When I was ten, in 1942, I won five shillings for the Madame Chiang Kai Shek short-story prize, and went straight to the bank to put the money into my Tito fund, muttering left-wing slogans against the bullying gracious lady of the Orient. I saw her as shrouded in jewels, but not in my five shillings. By the time I was fifteen, when I had considerably added to the fund by writing a radio play on a typewriter swiped every night from my school’s secretarial department, the savings amounted to more than enough to buy the £25 train fare to Belgrade by the Simplon-Orient Express. I wanted sorely to talk to Tito.

The Simplon-Orient began from France in grand style. There were wagon-lits, wagon-restaurants, for the first twenty-four hours.
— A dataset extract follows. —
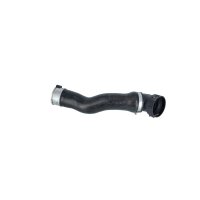 Charge air hose optimum air supply NRF suitable for e.g. BMW 5 Series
I was taken along the corridor for dinner by a German businessman, who had found me when I was standing up by a window outside my compartment. A fourth-class compartment. The seats made of wood. It was the class called ‘travelling hard’. ‘Ah,’ said the irontongued German, speaking French for no particular reason except perhaps for its relation to Feydeau, ‘vous aurez le destin de marter en bois.’ Better rape and a meal than neither. But after dinner I achieved his quittance, making him leave me outside the compartment to ponder the matter of marrying in wood, and also to be alone, leaning my head against the glass and sleeping on my feel, like a horse.

Next day the train began to change character. The wagon-lits and the wagon-restaurants had been unhitched in the night. The students with knapsacks started to be exchanged for farmers and their families and goats and sheep and hens. Napkins were tucked into collars, garlicky salami and hunks of loaves were sliced against the chest for ritual meals every two hours, red wine was drunk from the bottle. The animals were fed with pieces of potato. Because of the political situation, we had to take a long detour round Albania. A long day and night, this one. The international train had turned into a conversational, slow-chugging village, and it was a village I had no right to belong to, though, to welcome the stranger, there was much beaming offerance of pieces of sausage and much sprinkling of cheap eau-de-cologne on bosoms like frigates’ sterns.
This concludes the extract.